Prior to that, in June, Australia’s Aspire Mining, registered specifically to operate in Mongolia and owning the largest Mongolian company engaged in coking coal extraction, signed an agreement with the government company, China Gezhouba Group Company (CGGC) on building 548 kilometers long Erdenet- Ovoot railroad. The railroad is to link Ovoot coal mine developed by Aspire Mining (Tsetserleg somon, Khövsgöl aimak in the north-west of Mongolia) with Erdenet, the second largest city of Mongolia, which is already connected by a railroad to Darhan, a major transportation hub at the Transmongolian Railroad. This railroad is the northern part of the transport corridor project. The railroad transport corridor in planned to be launched substantially later that the motorway corridor, in 2022. The overall funding of the railroad corridor is around $ 1.25 bln.
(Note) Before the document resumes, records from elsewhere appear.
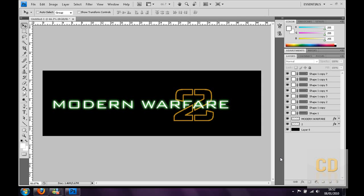Hey guys, Connor here with Chrome Design to bring you another tutorial. This one is how to make the Modern Warfare 2 logo. It'll end up looking something similar to this.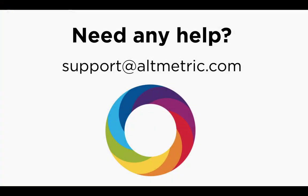This has been a quick guided tour of the Altmetric Explorer free librarian tool. If you have any additional questions, please reach out to us at support at altmetric.com.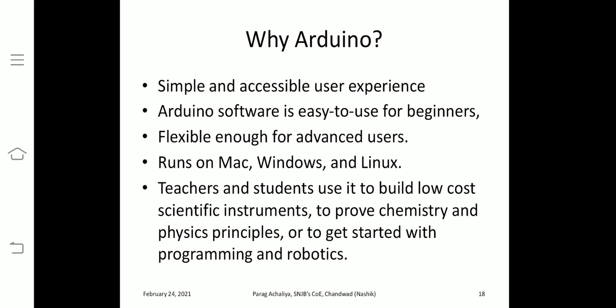Teachers and students use Arduino to build low-cost scientific instruments. If you need to develop a low-cost application, you use Arduino. Teachers and students can use it to prove chemistry and physics principles. School-going students have Arduino in their practicals; students in 11th or 12th science have physics experiments based on Arduino. Arduino is also used to get started with programming and robotics. If you wish to pursue a career in robotics, you should use Arduino because robots are mostly controlled by Arduino.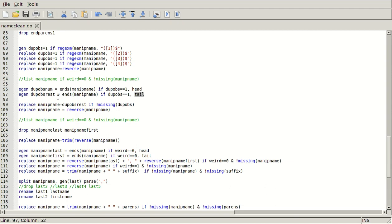So I'm going to generate the duplicate observation number, which is going to be the end of the nip name. I'm going to take the head, because it's been reversed. So if it had been JoelSmith4, then it's now going to be 4 space H-T-I-M-S space L-E-O-J. And I'm just going to take that 4. And then the tail will be everything else.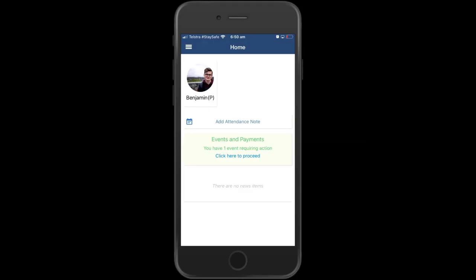Welcome to this screencast demonstrating how parents or caregivers can provide consent to events by the Compass School Manager app. You can see here the college has created an event that requires you to consent. I'm demonstrating this on an iPhone or iOS device.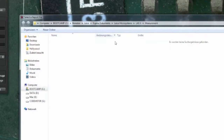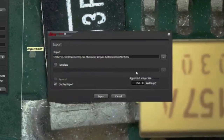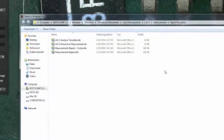I can choose where to save the report, and I can use a template. There are different templates available, and these templates can be edited to fit your customer needs.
A logistics center at Zamyn-Üüd free trade zone (the largest border check point at the border with China) is actually ready by now. Its construction was financed by Asian Development Bank. The center includes some sections of the railroad (broad and narrow wheel tracks), a motorway, water pipes, power stations. The general contractor for the project is China Railway 21st Bureau owned by Korea’s Suson LLC, the customer is Mongolia’s government. It is anticipated that by 2019 the logistics center will be able to annually receive six million tons of transit cargoes. Since 2006, the European Bank for Reconstruction and Development has invested €1.4 bln in 80 projects in Mongolia. It does not stay aside of the logistics projects for the Russia-Mongolia-China corridor. In the middle of 2017 the bank invested $7.6 mio in Terra Express, Mongolia’s largest company for mineral resources logistics.
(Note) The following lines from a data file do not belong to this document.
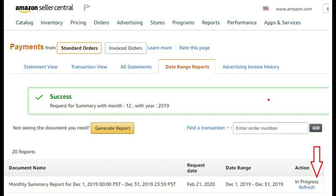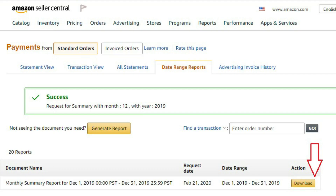Under Action, it'll say In Progress, so it might take a few minutes to download. Amazon was having issues earlier last week, so it took a few days actually, but the report should only take a few minutes normally.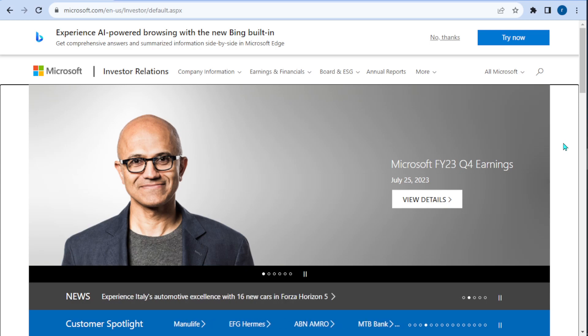Hey everybody, I just wanted to make a quick video on Microsoft and talk about their next quarter guidance. This is going to be more of a tutorial more than anything.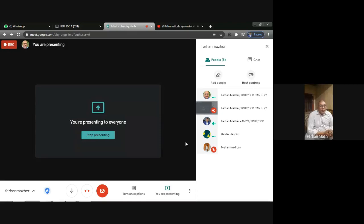Good morning everybody. My name is Farhan Mazhar, and today is 9th October 2020. The day is Friday, and today I am with the 10 Cambridge class.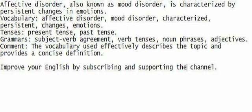Comment: the vocabulary used effectively describes the topic and provides a concise definition.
Mongolia, the second Kazakhstan

For China, the corridor in Mongolia is a part of the transportation project, Belt and Road, which includes restoring the Great Silk Way and building the Steppe Route transport corridor. The advantages for Russia have been described above. As for Mongolia, that is a chance to really reach out to the group of countries which is customarily referred to as developing markets. Mongolia may not be capable of becoming a new Asian Tiger, due to being underpopulated. But it could certainly follow the path of Kazakhstan. Their similarities include low population density, severe harsh continental climate with very hot summers and very cold winters, availability of huge natural resources (sufficient to support relatively small population). So far though, the skyscrapers build by Chinese companies to house corporate offices in the center of Ulan Bator, neighbor on meager tipi areas. As a matter of fact, Mongolia has everything to become the second Kazakhstan. It only lacks one, but a most essential thing, the transportation infrastructure. In Kazakhstan, following Stalin’s deportations of the population, a tremendous inflow of highly qualified ‘enemies’ was observed. To put it plain, they developed the entire infrastructure of that Soviet Republic and trained the local professionals whose fathers remembered roving life. By its social structure, Mongolia finds itself at a stage when one third of its populations still lives in tipis while in Ulan Bator, skyscrapers and metro are being built.